Was it a hymn festival? Was it a concert? Last night’s presentation with the National Lutheran Choir and David Cherwien was equally both. If you have gone to a “typical” hymn festival, you know that it is usually an opportunity to hear the organist showcase his or her improvisational skills in creating interesting introductions and accompaniments to a zillion hymns with the choir throwing in a descant or two. Well, last night’s hymn festival was so much more.
The program was arranged like a mass, with choral pieces for the Kyrie, Gloria, Sanctus, Benedictus, Agnus Dei and Dona Nobis Pacem but there were also hymns in church year order. It opened with the men in the front, behind the altar and the women all the way in the back by the organ, in a piece which combined chants by Hildegard (1098-1179) with the plainsong, Corde natus ex parentis, which we know as “Of the father’s love begotten.” In the cavernous Chapel of the Resurrection, this made for some very interesting tonal overlapping.
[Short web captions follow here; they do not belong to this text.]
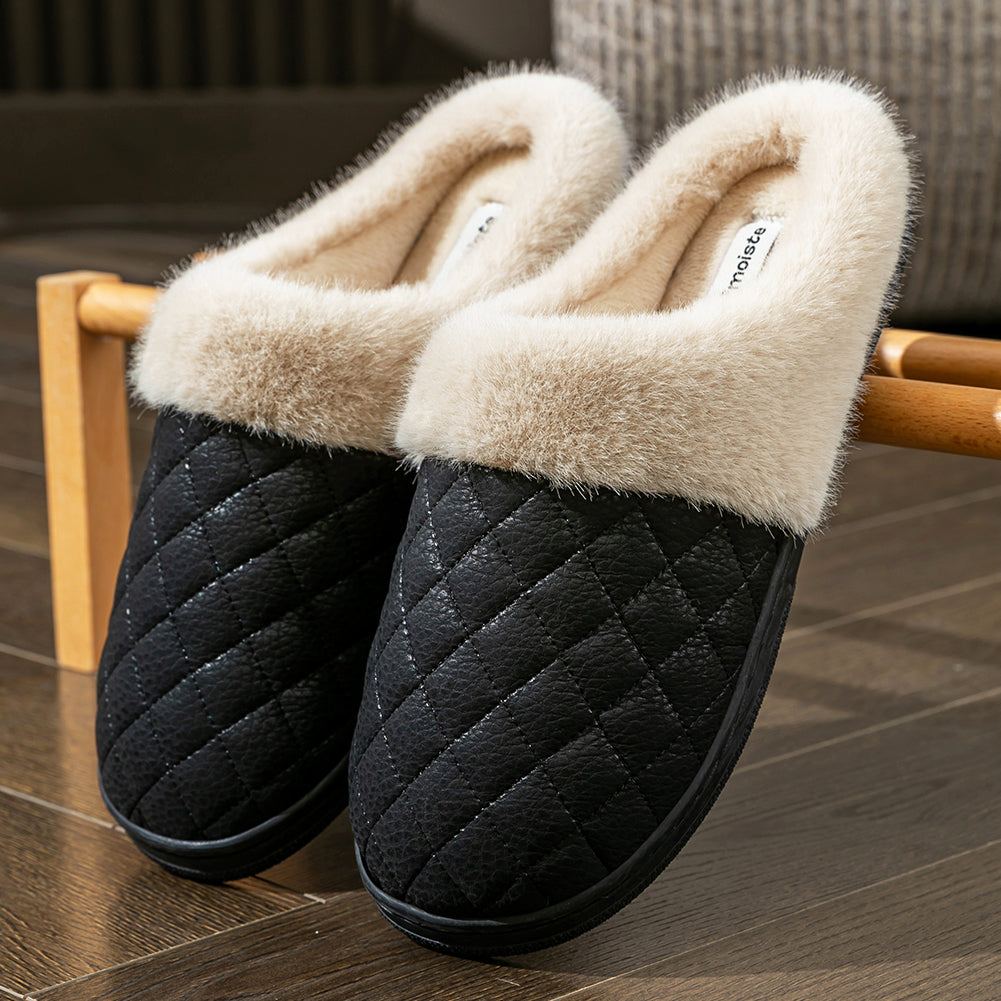 House Slippers For Men Women Plaid Design Winter Home Shoes Indoor PU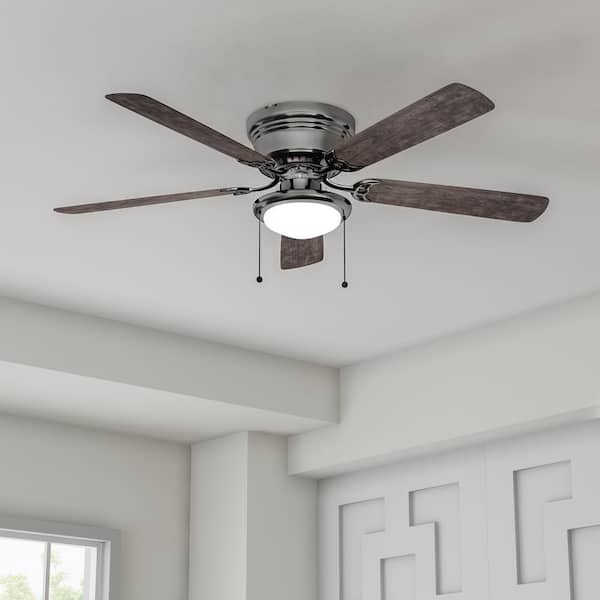 Hampton Bay Hugger 52 in. LED Indoor Pewter Gunmetal Ceiling Fan with Light Kit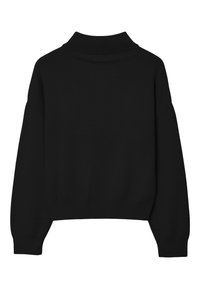 Pull en tricot noir avec un col montant, des poignets côtelés et une coupe décontractée. Le dos est simple sans motifs ou designs supplémentaires.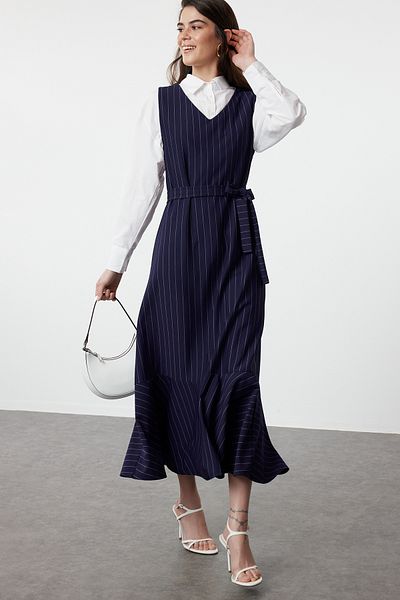 Trendyol Modest Μπλε ριγέ Gilet φόρεμα - TCTSS24EB00287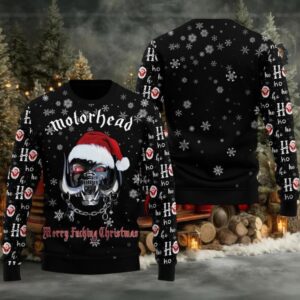 Motorhead Merry Fucking Christmas Mechanic Snaggletooth Head Logo With Santa Hat Ho Ho Ho Christmas Ugly Sweater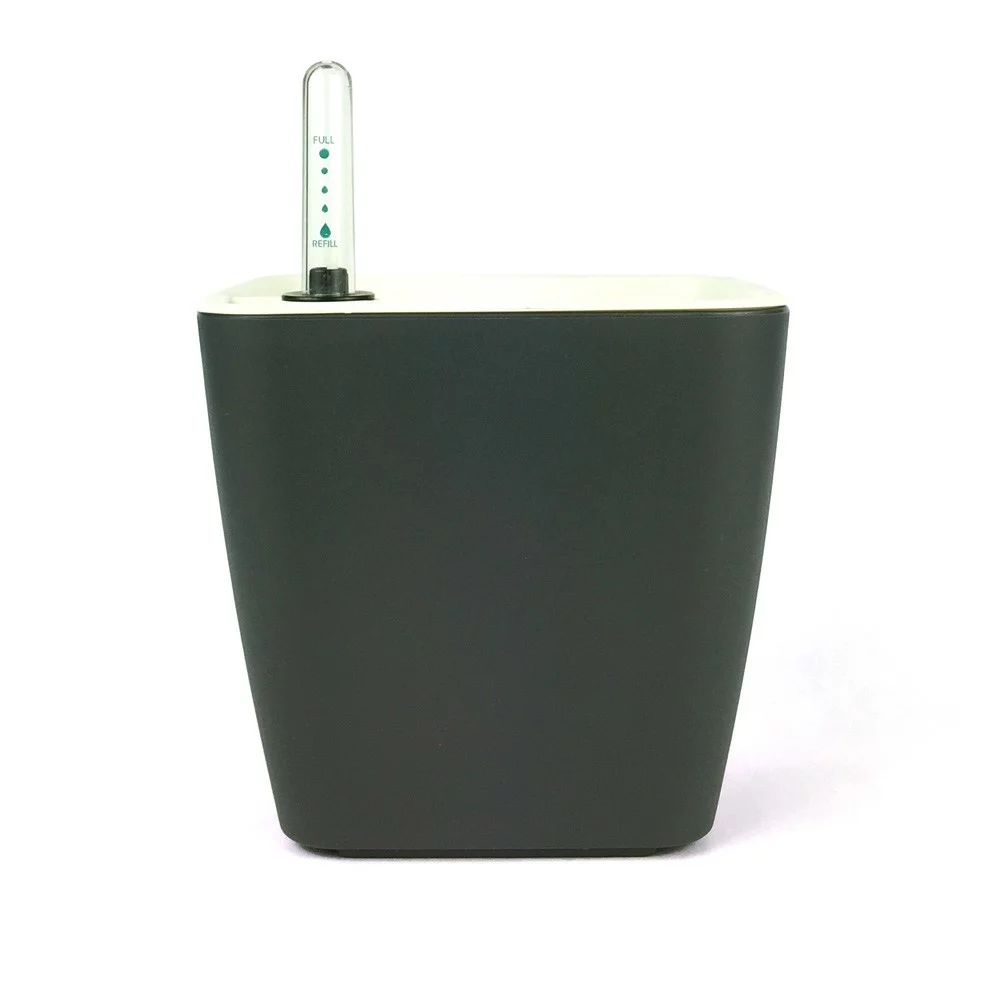 GreenSun 雨系列儲水花器 霧灰黑 (13cm) 附水位計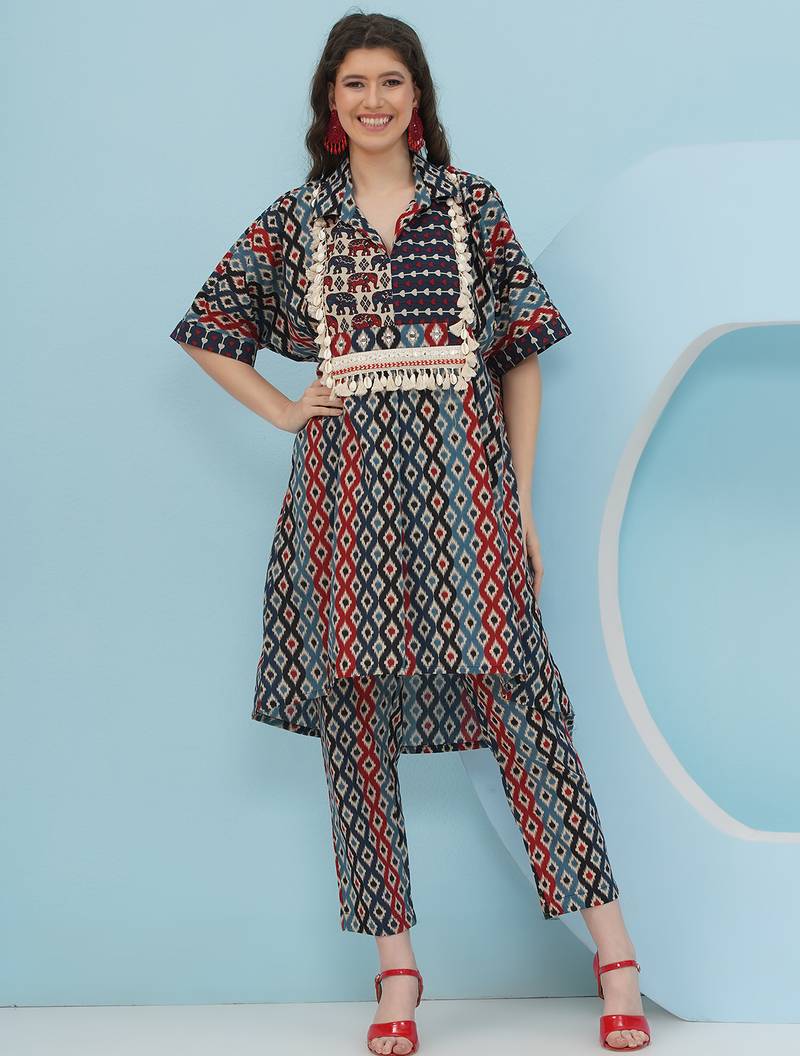 Women's  embellishment ikkat kafttan set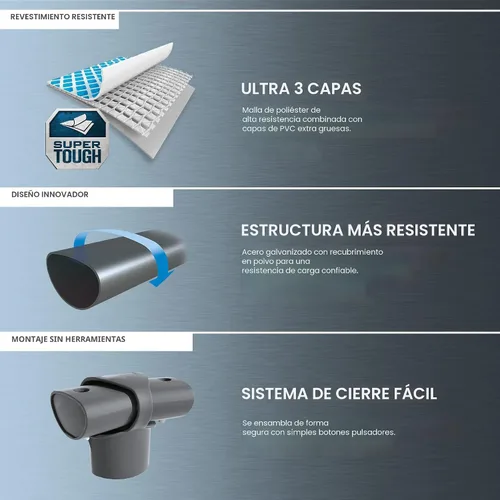 Vista 5 de Intex 18' x 9' x 52" Ultra XTR Conjunto de piscina rectangular de estructura con bomba - Piscina grande rectangular sobre el suelo para el patio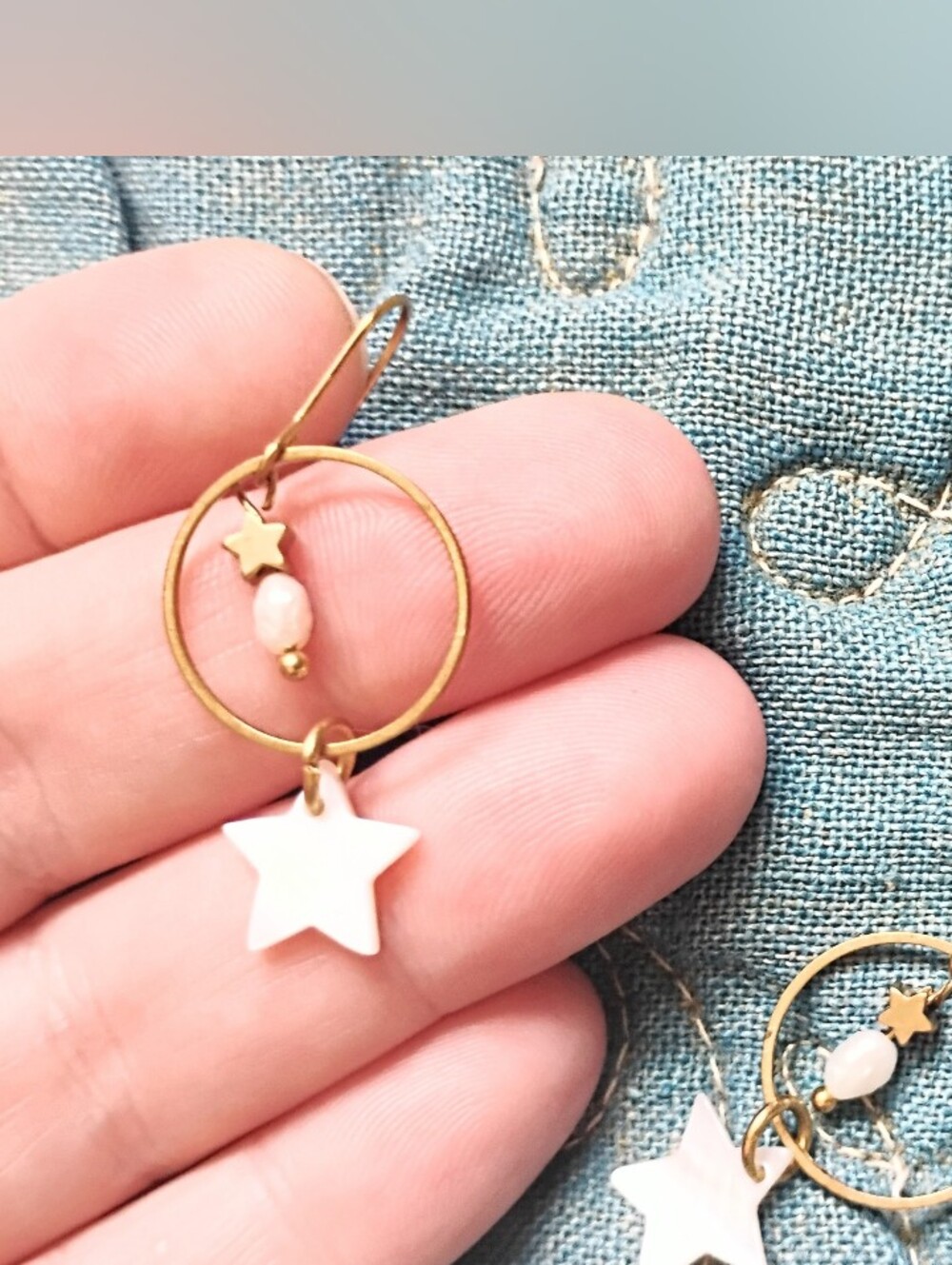 Celestial Pearl Star Earrings - Picture 3 of 4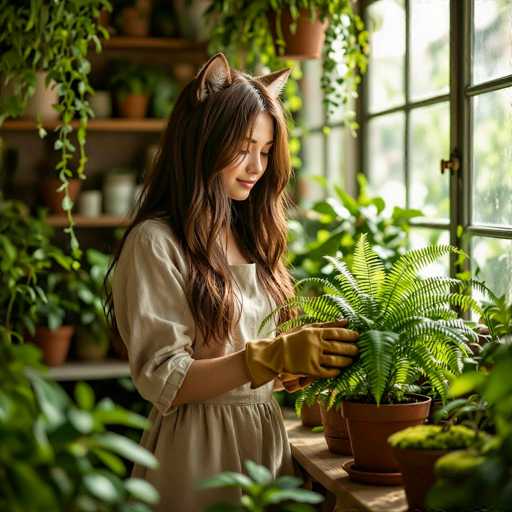 A young woman with long, wavy brown hair and a gentle smile is tending to a potted fern plant. She's wearing a light beige dress and mustard-colored gloves, and she’s looking down at the plant with a soft expression. She's wearing cute cat-ear headphones, adding to the whimsical feel of the image. The background is filled with lush green plants on shelves and a window, creating a cozy indoor garden setting. The lighting is soft and natural, highlighting the vibrant green of the foliage.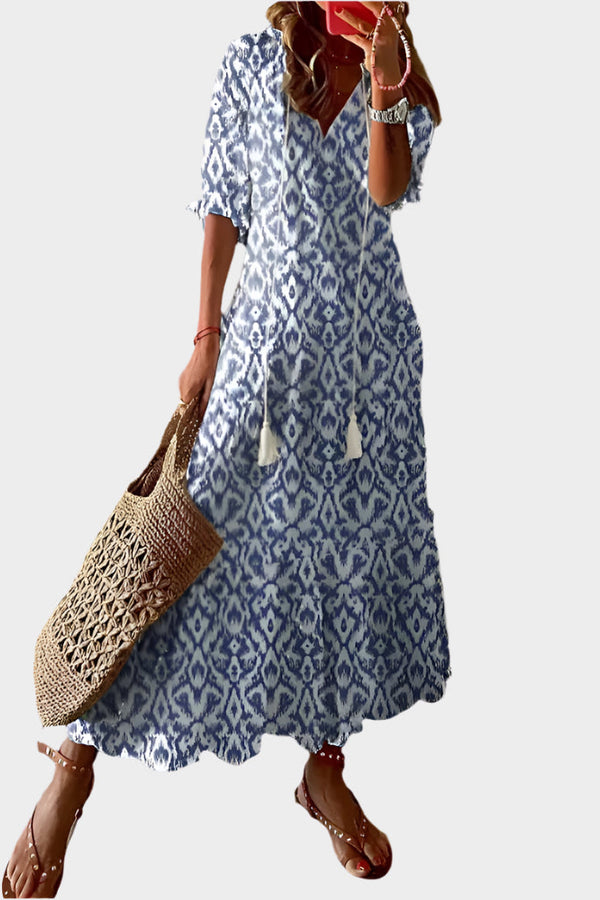 Abito vintage con scollo a V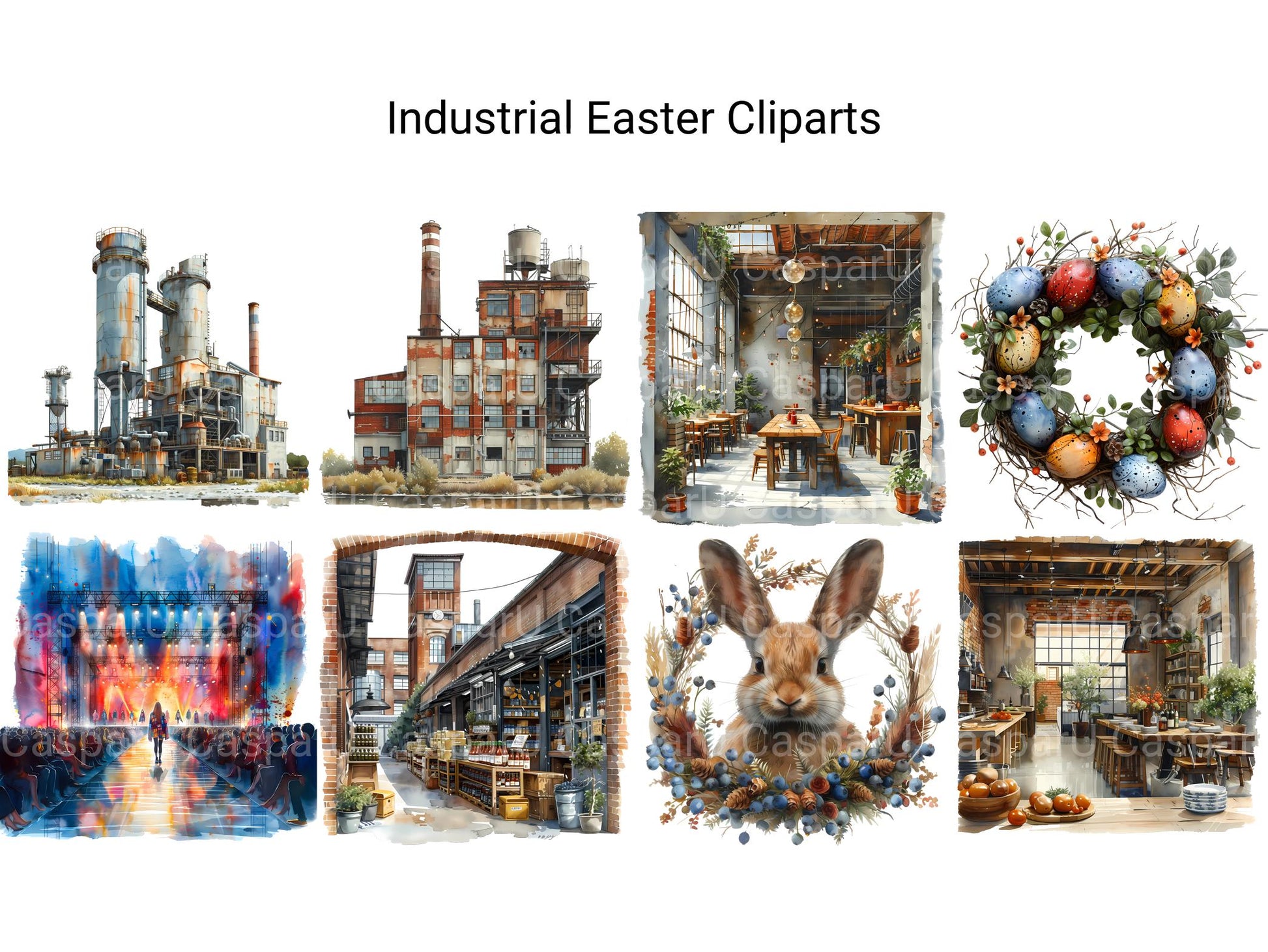 Industrial Easter Clipart - CraftNest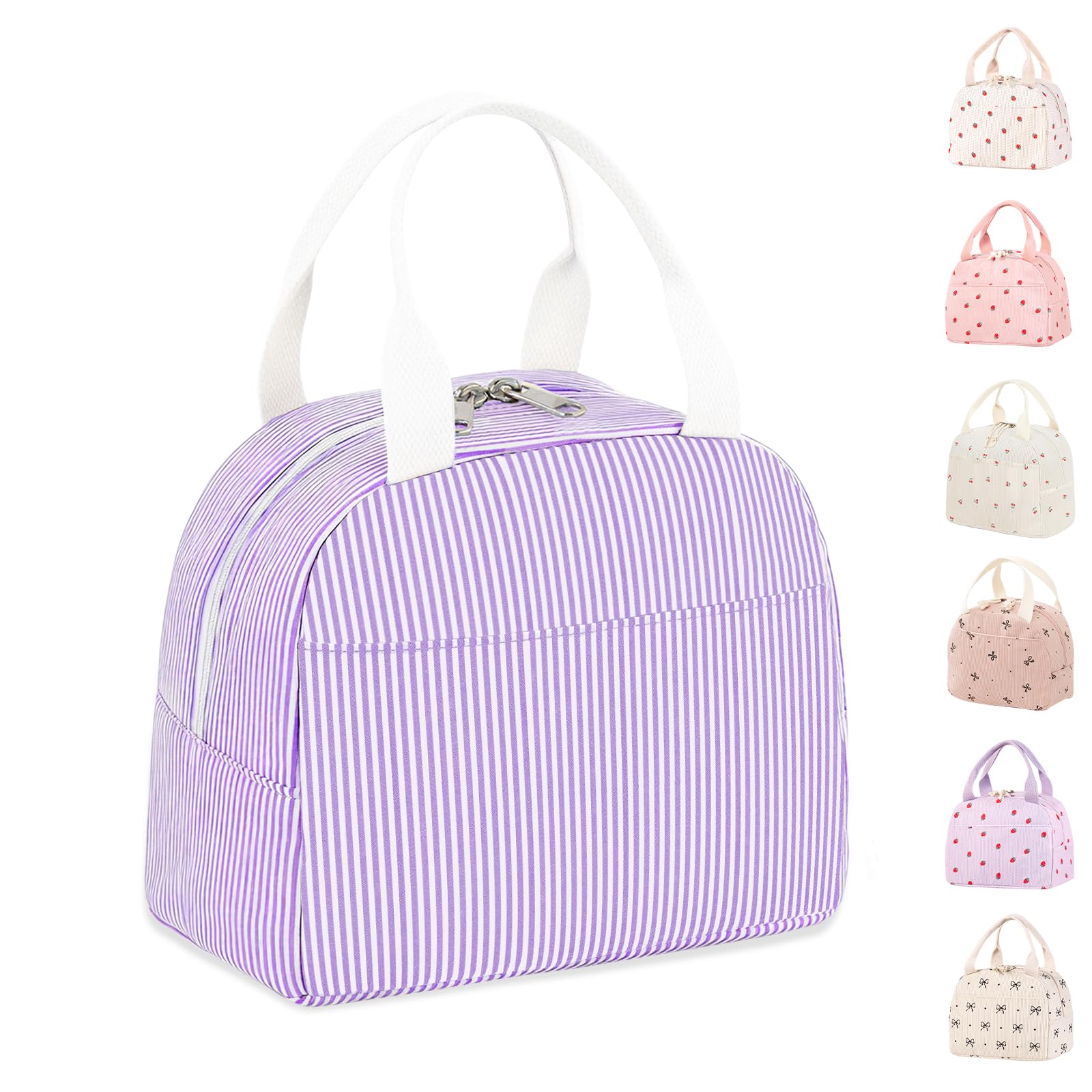 Lunch Bag for Women Lnsulated Cool Lunch Bag for Bento Insulated Lunch Box Adults Kids Tote Bag Girls Small Packed Womens Ladies Cute Lunch Bag for Back to School Work Gifts for Women Her Preppy Stuff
My favorite piece of the night was The Spheres (Kyrie from “Sunrise” Mass) by Ola Gjeilo. Again the choir was spread out, this time stationed along both sides of the gallery, and the polytonal overlapping (due to the reverberant cathedral acoustics) was very appealing.
David Cherwien, whom we have known since the 1987 ALCM Conference in Seattle, outdid himself not only in improvising organ introductions and accompaniments, but in conducting the choir in a variety of styles. At one time, he played the piano in a gospel style, and other times, he made the choir sound like it was from Africa in the hymn “Mfurahini, Haleluya.” The congregational hymns ranged from the traditional, such as “Angels we have heard on high” and “O sacred head now wounded,” to newly-composed.
Susan Palo Cherwien provided commentary and reflection between the various parts of the service.
What a day it has been, starting with Morning Prayer, plenary session on the Nones, regional meet-and-greet, lunch with colleagues, Bach cantata workshop, presentation on liturgical artist Ernest Schwidder, dinner with colleagues, and ending with a hymn festival. We were too tired to go to the reception afterwards and could not have crammed one more thing in!